> **PROBLEM DETAILS**
All of the data below is to be repeated exactly, except for the pictures.

Segment Start: SOURCE INFORMATION

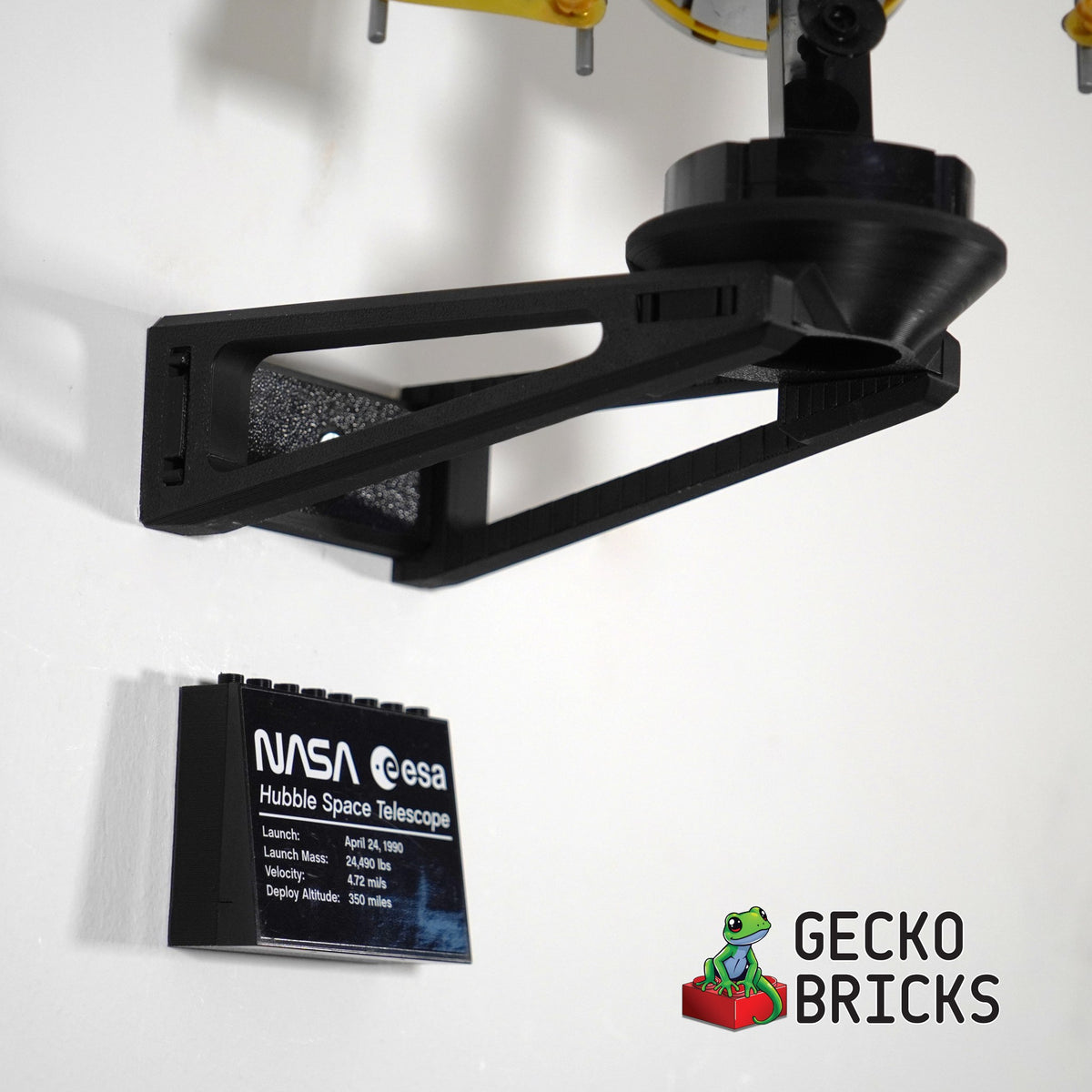 LEGO® Icons NASA Hubble Ruimtetelescoop 10283 zwevend aan de muur met premium wandbeugel - aanzicht 4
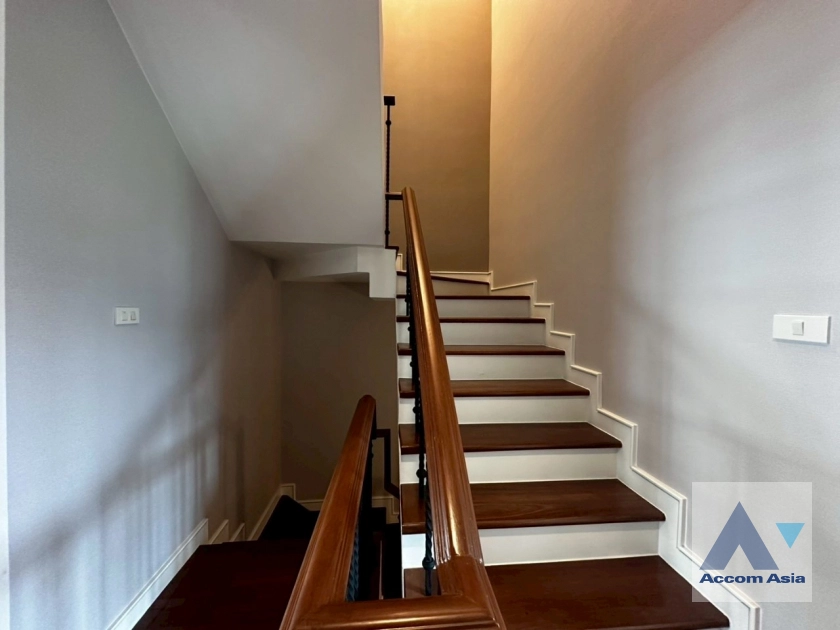 5  4 br House For Sale in Sukhumvit ,Bangkok BTS Thong Lo at Baan Klang Krung Thonglor AA20983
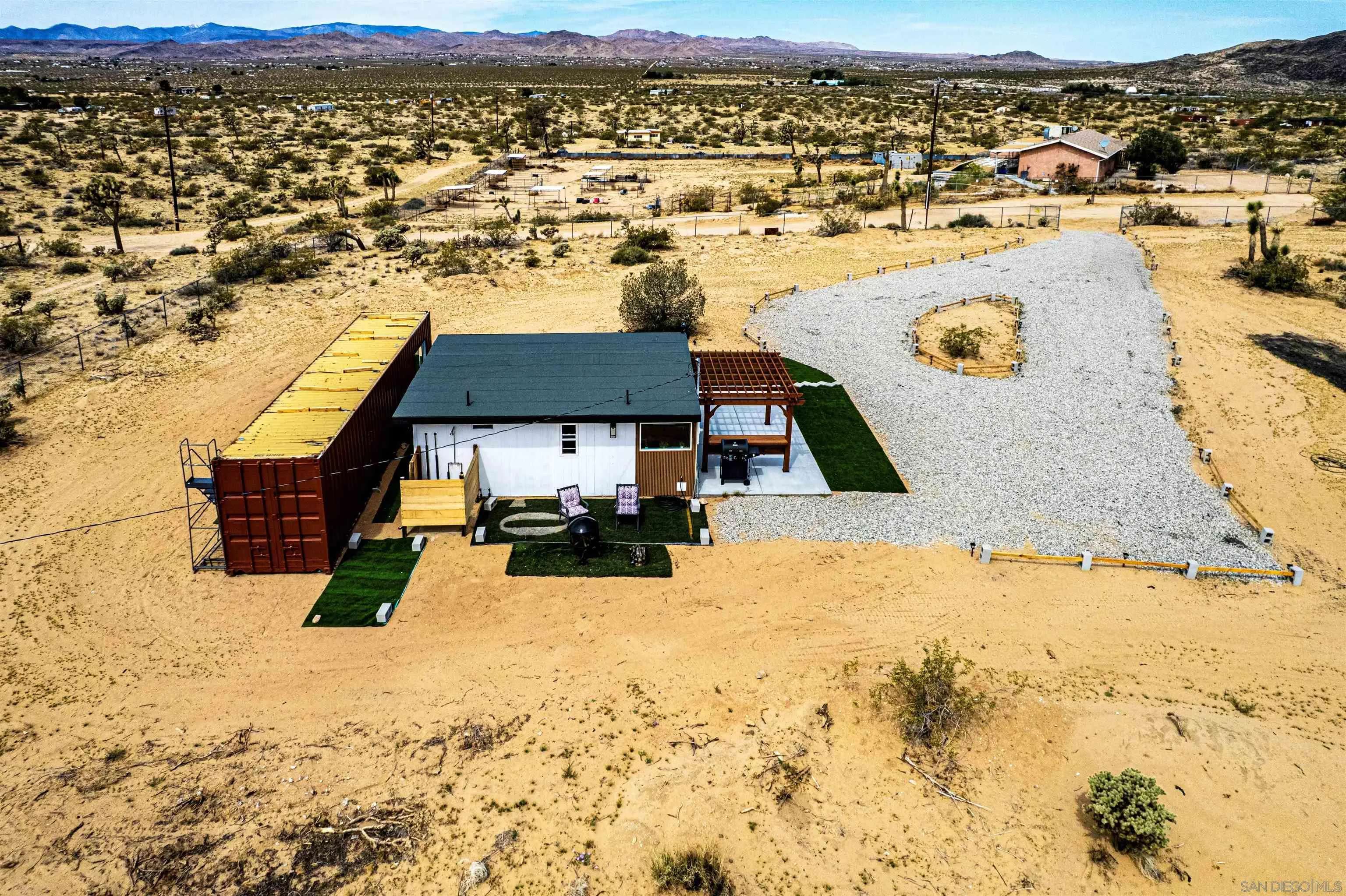 Landers, CA 92285,2135 Road Runner Ln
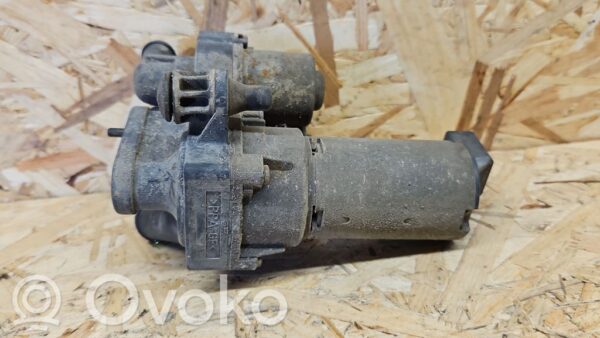 rrr-part-1920-5e281eac8ad43d4afa177ceb73f90d33 Mercedes-Benz S W221 Coolant heater control valve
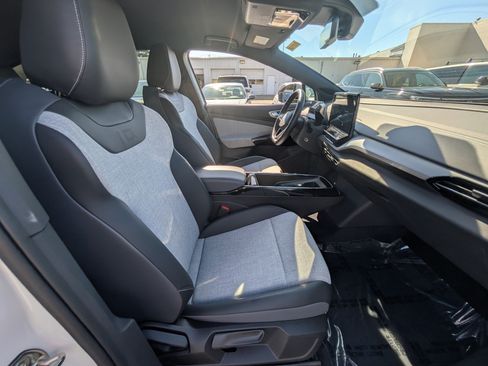Used 2023 Volkswagen ID.4 Pro RWD image 10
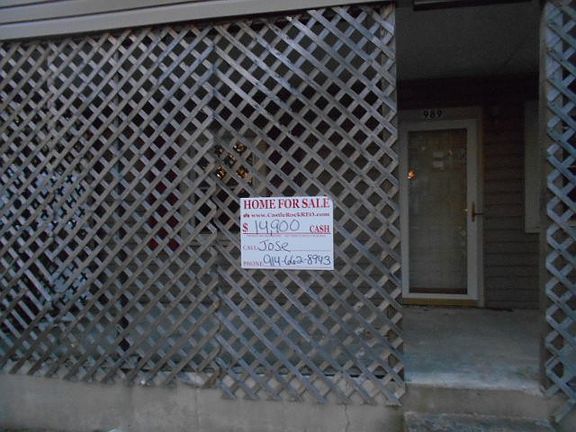 3rd image of 989 N Wagner Ave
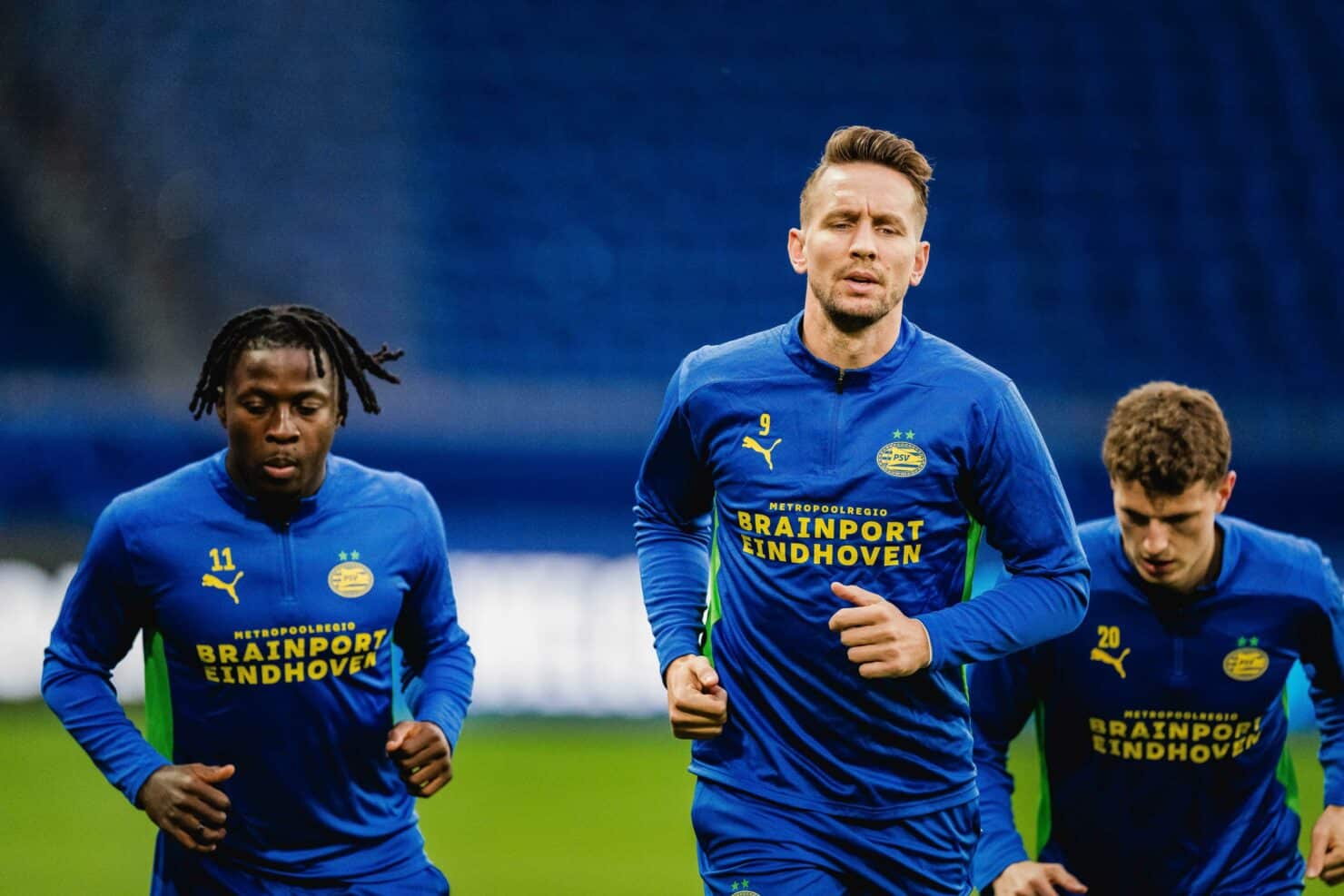 ยูฟ่า แชมเปี้ยนส์ลีก เปแอสเช พีเอสวี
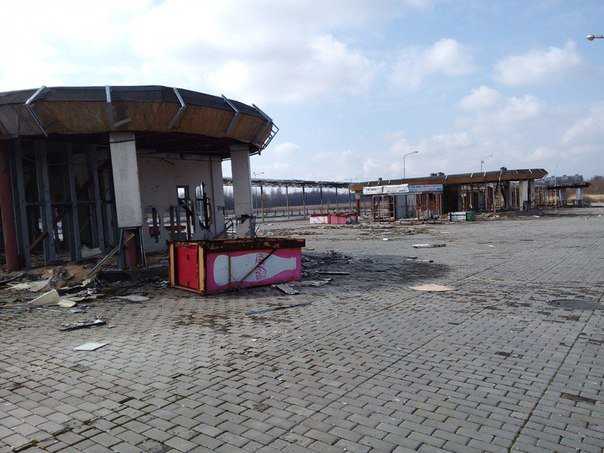 «Я помню. Жаль». В сети показали печальные фото Донецка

Segment End: SOURCE INFORMATION

> **RESPONSE TO THE EXERCISE**
 LEGO® Icons NASA Hubble Ruimtetelescoop 10283 zwevend aan de muur met premium wandbeugel - aanzicht 4
 5  4 br House For Sale in Sukhumvit ,Bangkok BTS Thong Lo at Baan Klang Krung Thonglor AA20983
 Landers, CA 92285,2135 Road Runner Ln
 rrr-part-1920-5e281eac8ad43d4afa177ceb73f90d33 Mercedes-Benz S W221 Coolant heater control valve
Used 2023 Volkswagen ID.4 Pro RWD image 10
 3rd image of 989 N Wagner Ave
 ยูฟ่า แชมเปี้ยนส์ลีก เปแอสเช พีเอสวี
 «Я помню. Жаль». В сети показали печальные фото Донецка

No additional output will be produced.